25    For that reason, together with the extraordinary nature of the jurisdiction, I do not consider it is appropriate to adopt an approach to the Court’s costs discretion which is premised on costs following the event of discovery and production for inspection. A more nuanced exercise of the discretion better fits the justice of the case.

26    The prospective applicants had attempted by means other than litigation to ascertain whether their privacy rights (as they apprehended them) had been breached by the prospective respondent. The prospective respondent had been uncooperative. The prospective applicants were in that sense left with little choice but to use a compulsory process to ascertain whether there was a sufficient basis for them to be satisfied their legal rights (as they saw them) had been infringed. As matters turned out, the production and inspection of the documents concerned provided an explanation more consistent with human error than with any conscious interference with private information about the prospective applicants that was held by the prospective respondent.

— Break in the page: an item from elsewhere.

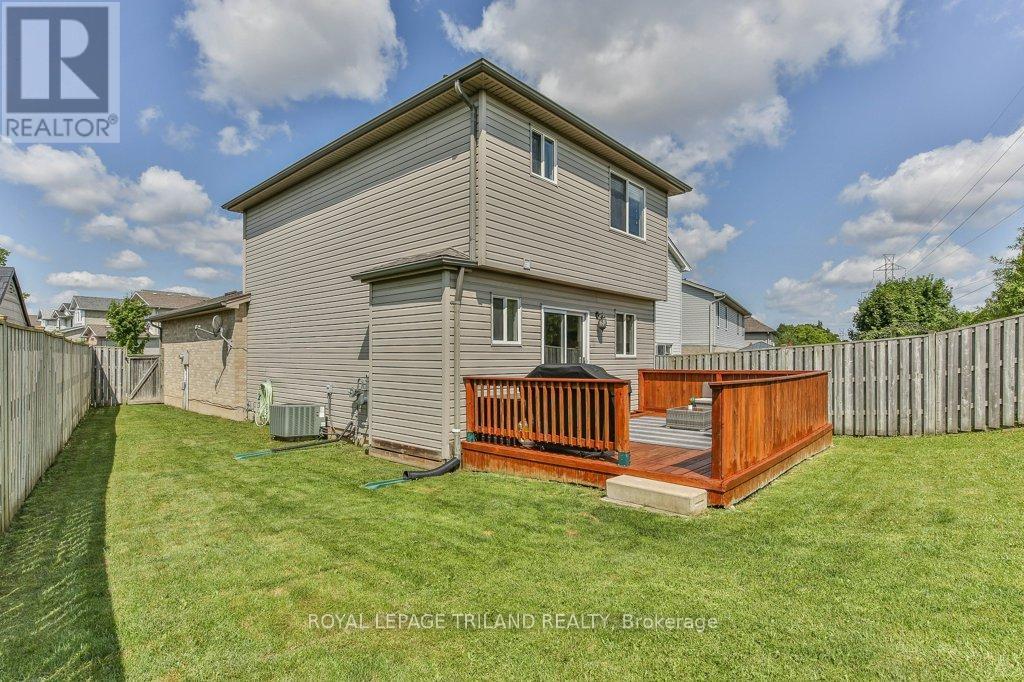 39 Phair Crescent, London, Ontario  N5Z 5B5 - Photo 34 - X11822386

In that sense, the prospective applicants have secured something of a substantive outcome.

27    Accepting that the exercise of the costs discretion is a matter on which reasonable minds may differ, and taking into account the various matters set out in the authorities and the factual circumstances applicable in those authorities (none of which align closely to the current circumstances), my view of the circumstances is that the prospective respondent should pay 50% of the prospective applicants costs of the interlocutory application on a party/party basis, subject to the matter I deal with in [28] below.

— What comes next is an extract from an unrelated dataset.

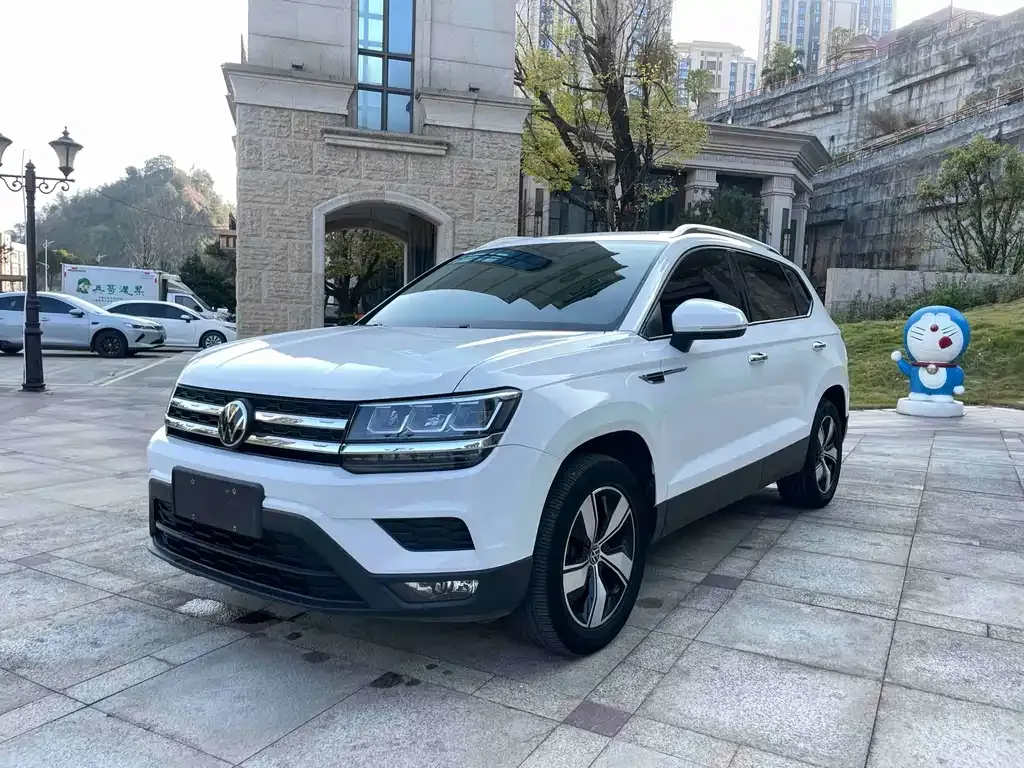 Volkswagen Tharu — фото 1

Costs of providing discovery and inspection

28    In ObjectiVision, Perry J ordered the prospective applicant to pay the costs incurred by the prospective respondents in providing discovery and inspection, at least in part on the basis that it could not be said (by reference to the authorities her Honour had earlier set out and which I have extracted above) that those costs were incurred by reason of any adversarial approach adopted by the prospective respondents to the application for preliminary discovery. Her Honour did not consider the prospective respondents should have to await the possible outcome of proceedings (if any) instituted by the prospective applicant to be compensated for the costs of providing discovery and inspection.

29    In my opinion, there is a sound basis for such a distinction, because of the extraordinary nature of the jurisdiction to order preliminary discovery. In the present proceeding no orders were required to be made for preliminary discovery, and the prospective respondent provided documents outside the circumstances in which it would ordinarily have an obligation to do so. It has done so in a way which, as I apprehend the evidence, may mean the underlying concerns of the prospective applicants have been addressed, in the sense of it now being understood by the prospective applicants how some of their credit card statements came to be sent incorrectly to the address of individuals with whom they had a substantial dispute. I see no justification for the prospective respondent having to bear the costs of discovering the documents.

Conclusion

30    The parties’ submissions did not canvass all of the relevant authorities. The prospective applicants submissions canvassed none of the relevant authorities. The prospective respondent’s submissions canvassed some, but not Perry J’s decision, nor many of the cases to which her Honour referred. I do not consider either party should recover any costs in respect of the submissions provided to the Court: each party should bear its own costs of those submissions.

31    There will be orders as to costs in accordance with these reasons. The application has been resolved in substance, and the prospective applicants should be granted leave to discontinue the application, so as to finalise the proceeding.

I certify that the preceding thirty-one (31) numbered paragraphs are a true copy of the Reasons for Judgment herein of the Honourable Justice Mortimer.